Novel Treatments for Borderline Personality Disorder
Psychotherapy remains the first-line treatment for Borderline Personality Disorder (BPD), with no specific pharmacological treatments approved for its core symptoms. 1, 2
Evidence-Based Psychotherapeutic Approaches
First-Line Psychotherapies
Several specialized psychotherapeutic approaches have demonstrated efficacy for BPD:
Dialectical Behavior Therapy (DBT)
Mentalization-Based Treatment (MBT)
- Available in partial hospitalization (MBT-PH) and outpatient (MBT-out) formats
- Significant improvements in BPD core pathology 3
Transference-Focused Psychotherapy (TFP)
- Psychodynamic approach showing effectiveness for core BPD symptoms 3
Schema-Focused Therapy (SFT)
- Demonstrated superiority over TFP for BPD severity and treatment retention 3
Novel/Experimental Approaches
Brief Motivational Intervention (BMI)
- Three-session intervention targeting medication adherence
- Components include:
- Eliciting thoughts about medication
- Psychoeducation
- Assessing readiness for change
- Creating adherence plans
- Preliminary research shows increased medication adherence and reduced depressive symptoms 4
Interpersonal and Social Rhythm Therapy for Adolescents (IPSRT-A)
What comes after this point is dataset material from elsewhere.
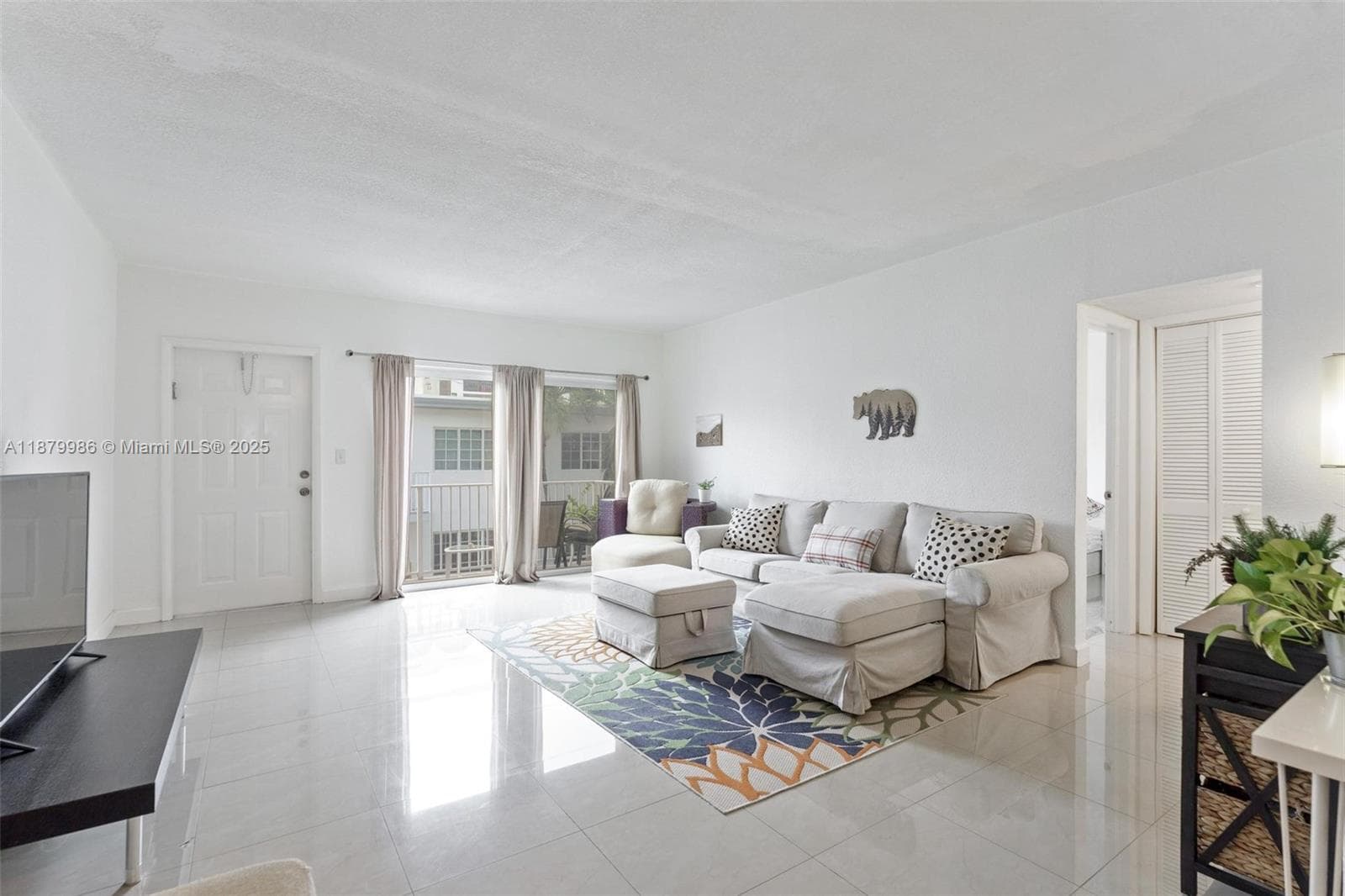 SOUTHERN STAR CONDO · #26 in Bay Harbor Islands - Photo 2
- Targets psychoeducation, interpersonal problems, and social/sleep routines
- High feasibility and acceptability (97% session attendance)
- Improvements in psychiatric symptoms, depression, mania, and global functioning 4
Research into Cognitive and Behavioural Versatility (RECOVER)
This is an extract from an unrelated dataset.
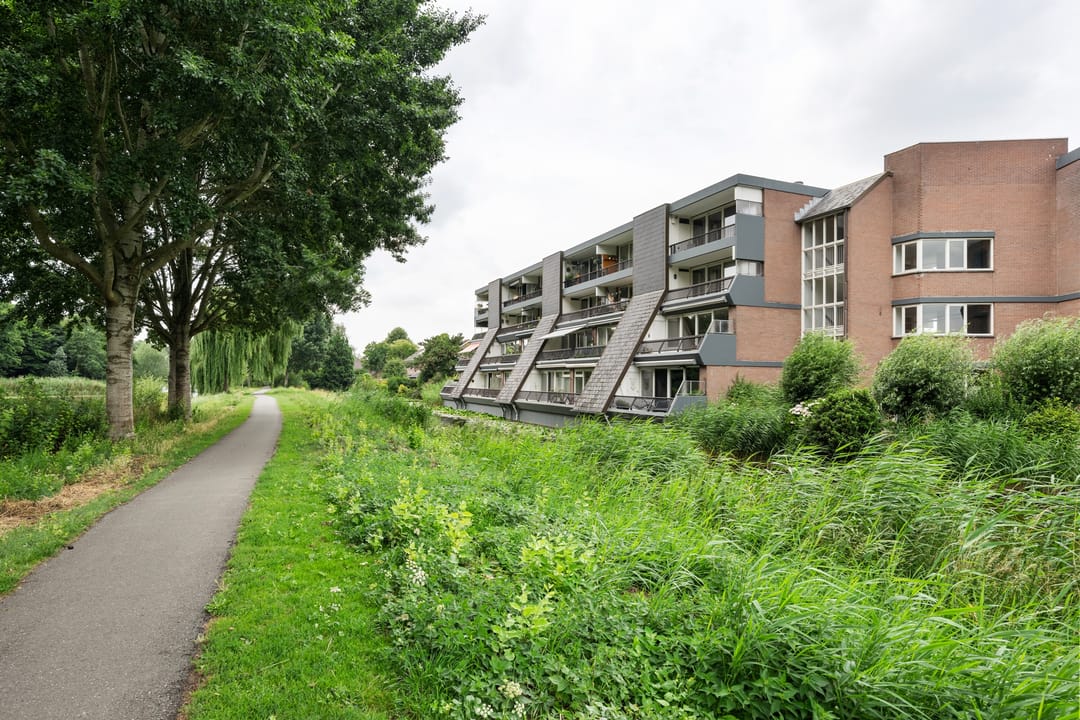 Foto 1 van Louvre 170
- Developed for adolescents and young adults with BPD
- Preliminary evidence shows improvements in depression and symptom severity 4
Pharmacological Considerations
Despite common prescribing practices, no medications have consistently shown efficacy for core BPD symptoms:
- No FDA-approved medications specifically for BPD 5, 1, 2
- Medications commonly prescribed off-label include:
- Selective Serotonin Reuptake Inhibitors (SSRIs)
- Mood stabilizers
- Second-generation antipsychotics
- Benzodiazepines (though these should generally be avoided) 5
Appropriate Use of Medications
Pharmacotherapy should be considered only for:
- Discrete and severe comorbid conditions (depression, anxiety, psychotic-like features)
- Short-term management of acute crises 2
For crisis management:
- Low-potency antipsychotics (e.g., quetiapine) or sedative antihistamines are preferred over benzodiazepines 2
Clinical Decision-Making Algorithm
Begin with specialized psychotherapy
- DBT for patients with prominent self-harm, suicidality, or emotional dysregulation
- MBT for patients with significant interpersonal difficulties and identity disturbance
- SFT or TFP for patients with deeply ingrained maladaptive schemas or relationship patterns
Consider adjunctive pharmacotherapy only for:
- Severe comorbid conditions (e.g., major depression, anxiety disorders)
- Acute crisis management
For partial responders to initial psychotherapy:
- Consider alternative psychotherapy approach
- Add targeted skills training (e.g., DBT skills training groups)
- For adolescents with medication adherence issues, consider BMI
Important Caveats
- Avoid polypharmacy - Multiple medications increase risk without clear benefit 5
- Avoid medications with overdose potential when possible 5
- Psychotherapy should remain the foundation of treatment, with medications as adjuncts only 5
- Treatment response varies - Nearly half of patients may not respond sufficiently to psychotherapy 1
- Long-term commitment to treatment is essential for meaningful improvement
By prioritizing evidence-based psychotherapeutic approaches and using medications judiciously only for specific indications, clinicians can provide the most effective care for patients with BPD.